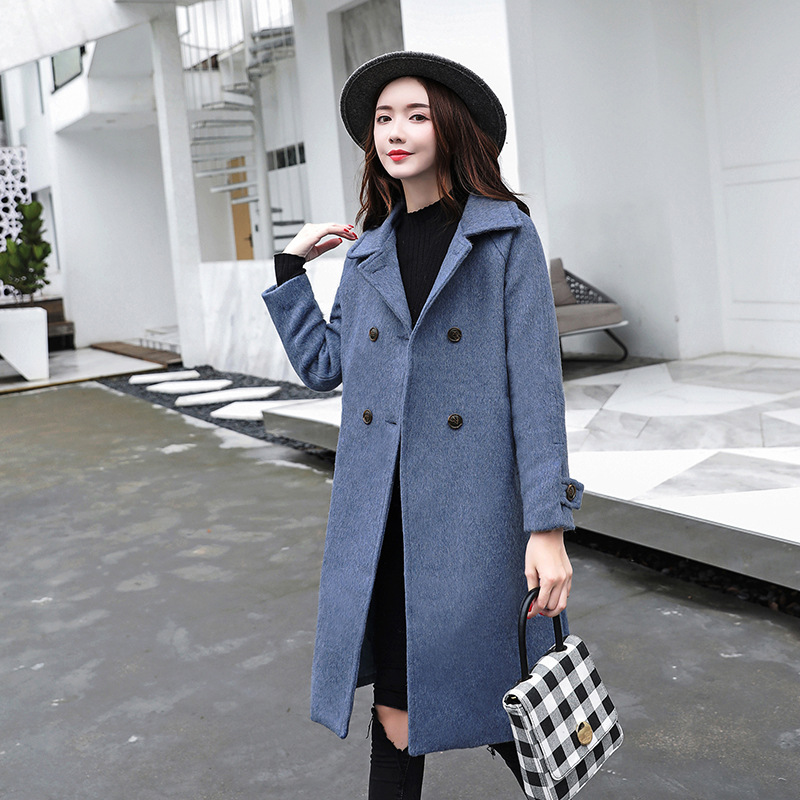 

Fashion Office Lady Women Long Winter Wool Blend Coat Slim Turn-down Collar Wool Coat And Jacket Pockets Outerwear, Blue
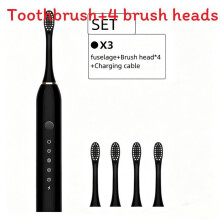 (Black) Toothbrush Electric Adult With Rechargeable Battery Whitening Function And Travel Case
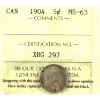 Image 1 : 5-cent 1904 ICCS MS63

**Task:** The data must come back word for word, with every picture removed.

**Answer for this exercise:**
Fashion Office Lady Women Long Winter Wool Blend Coat Slim Turn-down Collar Wool Coat And Jacket Pockets Outerwear, Blue
 (Black) Toothbrush Electric Adult With Rechargeable Battery Whitening Function And Travel Case
 Image 1 : 5-cent 1904 ICCS MS63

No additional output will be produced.